> The records
---
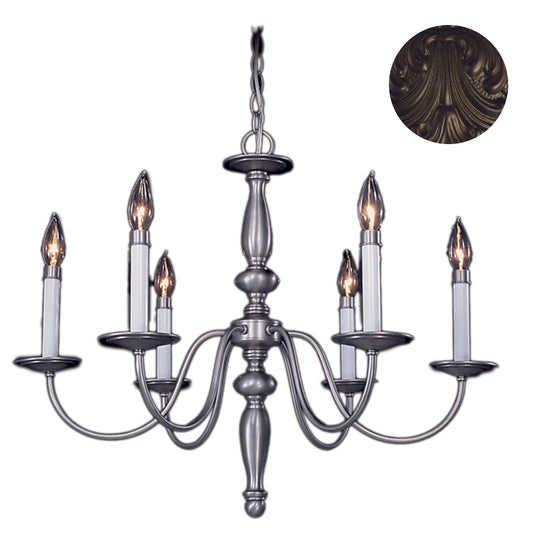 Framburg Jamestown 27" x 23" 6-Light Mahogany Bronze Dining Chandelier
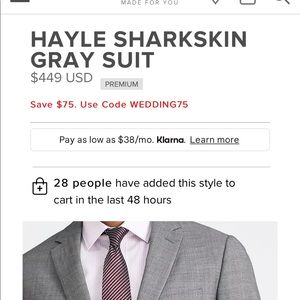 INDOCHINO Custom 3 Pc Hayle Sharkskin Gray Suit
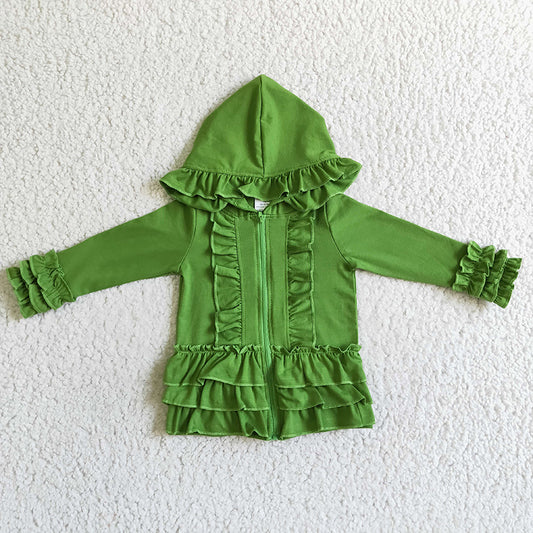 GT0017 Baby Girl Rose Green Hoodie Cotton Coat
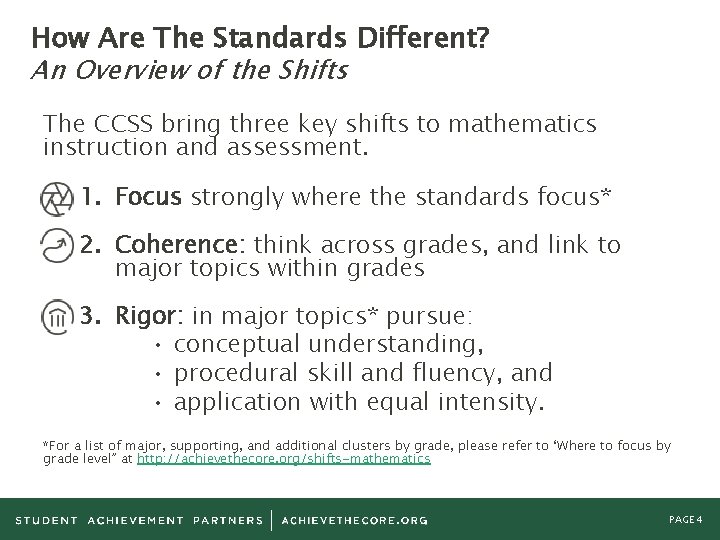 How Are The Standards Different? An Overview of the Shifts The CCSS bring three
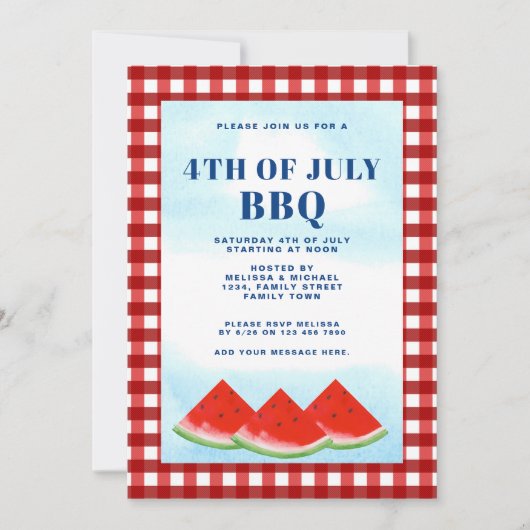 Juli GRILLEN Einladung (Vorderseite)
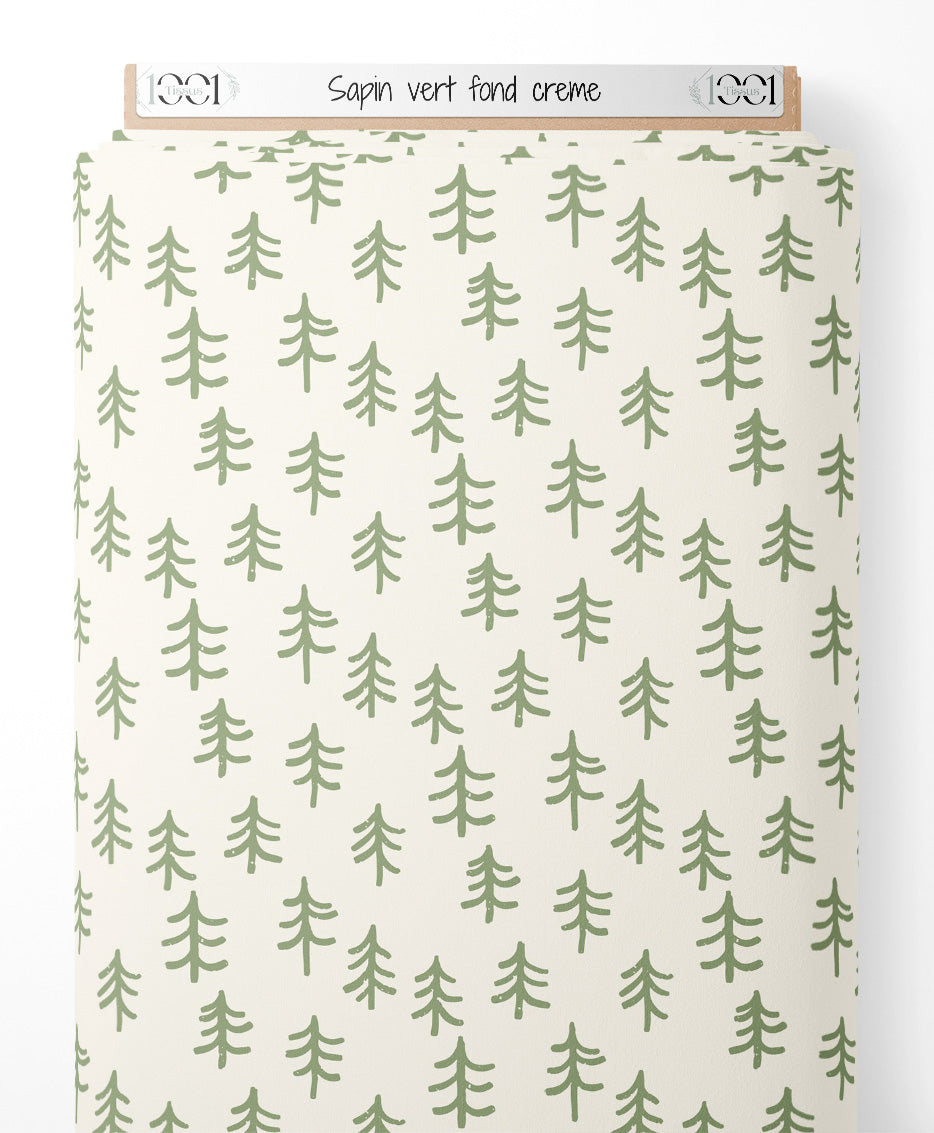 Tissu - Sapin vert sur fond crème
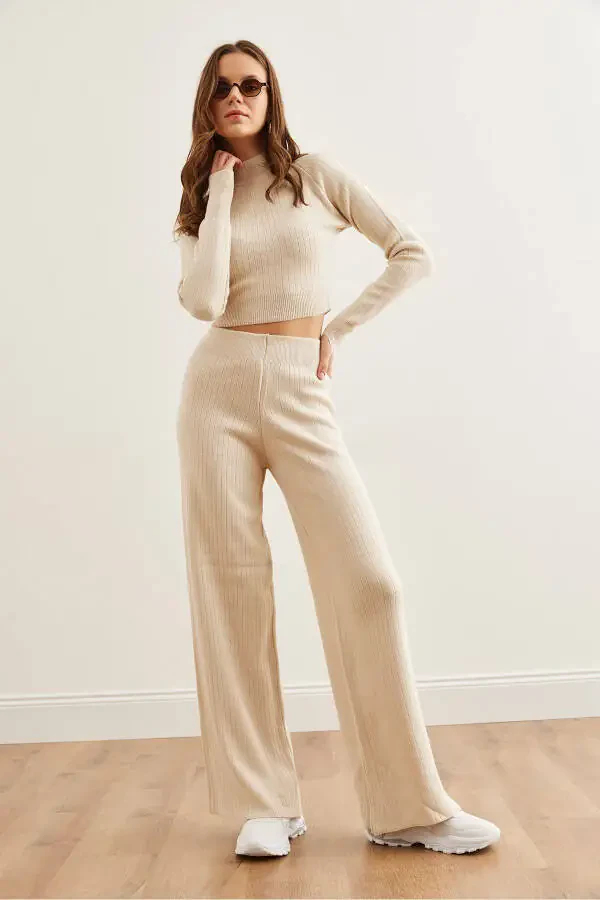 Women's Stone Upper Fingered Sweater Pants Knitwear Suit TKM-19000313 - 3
---
> Your instructions
Your copy should hold exactly the lines from the one with "Tissu - Sapin vert sur fond crème" through the final line of the records, both ends included, and no pictures.

> Completed exercise
 Tissu - Sapin vert sur fond crème
 Women's Stone Upper Fingered Sweater Pants Knitwear Suit TKM-19000313 - 3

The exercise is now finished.